In fact, the Banksy Museum is simply the latest of many such Banksy Museums that the Belgian film director and producer Hazis Vardar has opened around the world since his first effort in Paris, in 2019; four are currently open. And Vardar’s museums are just a part of the Banksy cottage-industry. Other unauthorized exhibitions operate around the world; street vendors can reliably be found hawking small imitations.
Banksy’s own philosophy invites such entrepreneurship. “Copyright is for losers,” the artist has mused. And more than lax copyright restrictions, these exhibitions take advantage of a slavering cult of personality, the kind that Banksy himself seems to counsel against, fed by the careful control of his persona and mystique.
The museum devotes a sizable section to Banksy’s ostensible disdain for the art world. “Commercial success is a mark of failure for a graffiti artist,” he told The Village Voice in a rare 2013 interview. It’s a position complicated by his production of sellable objects and multimillion dollar auction prices, the most famous of which is the 2018 spectacle at Sotheby’s, when “Girl With Balloon” partly self-destructed after selling for $1.4 million, a stunt meant to satirize the market’s frothing speculative behavior but paradoxically only juiced its value.
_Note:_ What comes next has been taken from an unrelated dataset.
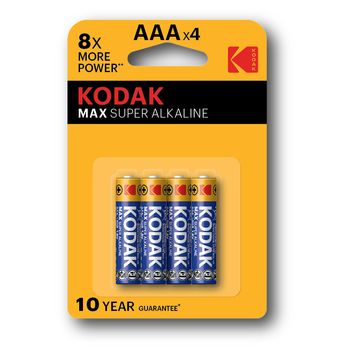 KODAK MAX alkaline AAA battery (4 pack) (30952812)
Sotheby’s resold it in 2021 for $25.4 million. It’s hard to have it both ways.
Banksy’s ideas are utterly correct. His anti-establishment paranoid worldview has mostly been borne out: Politicians are largely craven and the wealthy often get away with fleecing the working class, and the art world is largely divorced from reality. But his righteousness is reductive — Children: good. Adults: bad. Government: evil. Money: stupid.
In many ways this endeavor proves his point: Art has become inseparable from commerce. But the Banksy Museum ultimately fails not because of the tourist admission pricing but because any power Bansky’s art possesses derives from the street. The museum is the kind of thing Banksy himself might produce to mock the market’s fetishization of street art: a simulacrum of the street that sanitizes its life and danger and potential — a totally unnatural, airless tomb. Its most interesting effect may be the way in which it illustrates the limits of control.
Banksy’s 2010 film, “Exit Through the Gift Shop,” purports to tell the story of Thierry Guetta’s rise from vintage clothier in Los Angeles to the inane street art impresario Mr. Brainwash, possibly a Banksy invention, or his own nightmare. It’s a cautionary tale, a criticism of the commodification of street art, once outside the mainstream and now wholly a part of it. Naturally, of course, the Banksy Museum spits you out through a gift shop, the words “exit through the gift shop” stenciled on the floor as a wayfinding gag, winking as it misses the joke.